* **What needs to be done**: Print the data below exactly, but only the lines from the one containing "Uluslararası Hayrabolu 23." down to the one containing "corner suite |", inclusive.

* **Provided information**:

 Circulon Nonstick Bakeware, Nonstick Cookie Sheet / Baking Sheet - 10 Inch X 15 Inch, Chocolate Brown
--
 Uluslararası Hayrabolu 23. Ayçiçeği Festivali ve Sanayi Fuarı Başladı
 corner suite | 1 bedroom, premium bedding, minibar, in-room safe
==
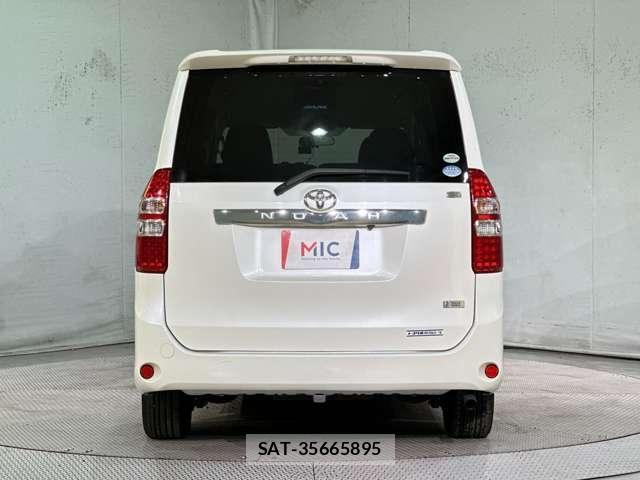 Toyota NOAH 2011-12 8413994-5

* **Reply**:
 Uluslararası Hayrabolu 23. Ayçiçeği Festivali ve Sanayi Fuarı Başladı
 corner suite | 1 bedroom, premium bedding, minibar, in-room safe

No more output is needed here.